The Private AI Series, Course 1, Part 2
Limitations of information flows: My summary of lesson 3 of the first course in The Private AI Series by OpenMined
- Limitations of Information Flows
- The Copy Problem
- The Bundling Problem
- The Recursive Enforcement Problem
- Conclusion
Limitations of Information Flows
In part 1 of my summary of the Private AI series we covered lesson 2. This lesson was all about information flows and how they are fundamental to our society and human collaboration. We also learned about how information flows are often broken today because of the privacy-transparency trade-off.
- The copy problem
- The bundling problem
- The recursive enforcement problem
The Copy Problem
There are laws attempting to prevent people from misusing information, like HIPPA or GDPR or CCPA. But they are really difficult to enforce.
That's why the copy problem is so important as a technical issue. Because - no matter what the law says - it determines what people actually can do with a piece of information.
You might be tempted to say: uncontrolled copying of all information sounds terrible, let's stop this! But be careful. While the copy problem might hurt you sometimes, it is also protecting some of your most treasured freedoms. While anyone who stores your information can make copies of it, you can also copy anyone's data that you store. Any attempt to limit this ability could have a big impact on your life.
Example: Digital piracy - the sharing of copyrighted songs, movies, software - is a classic example of the copy problem. As soon as a digital copy of a file is sold to the first customer, this customer could share it with all other potential customers. There is no way for the copyright holder to control this.
In reaction to this, the entertainment industry developed DRM software. You can read about DRM in this comprehensive article.

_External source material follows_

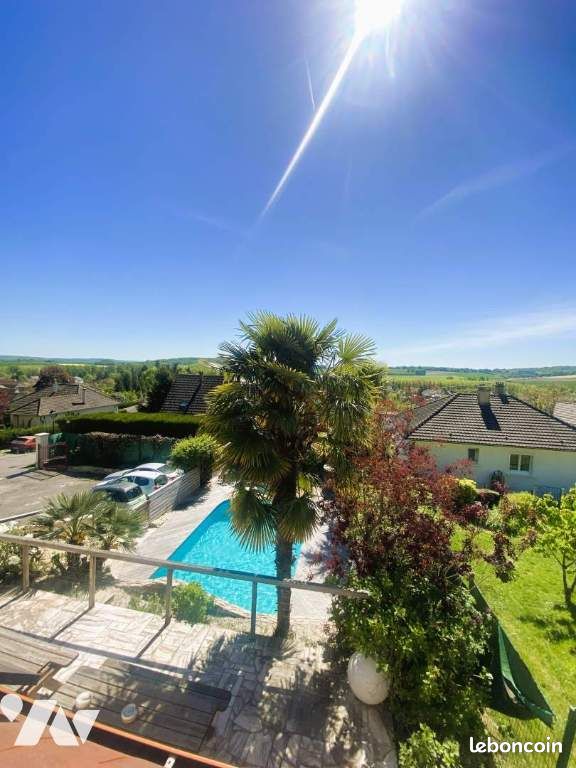 Maison 6 pièces 164 m² · à Chevincourt · 164 m² · 379 500 €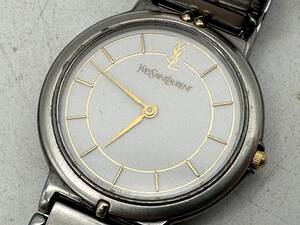 YVES SAINT LAURENT イヴ・サンローラン　本物　4620-E62275　メンズ腕時計　不動　動作未チェック　保証無　現状で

But funding for the creation of art also stands at risk. Artists deserve compensation for the value they create!
An ideal solution would be a very selective enforcement of a copy limitation. Unfortunately, this is impossible to do: computers are machines that operate by making copies. Even a stream is a download - without a save button. But you still can make copies of the content. To prevent data from being copied, you need incredibly invasive software.
Example: Dropbox prevents you from sharing copyrighted material. They scan every file you upload to a shared folder, to check if it contains copyrighted material.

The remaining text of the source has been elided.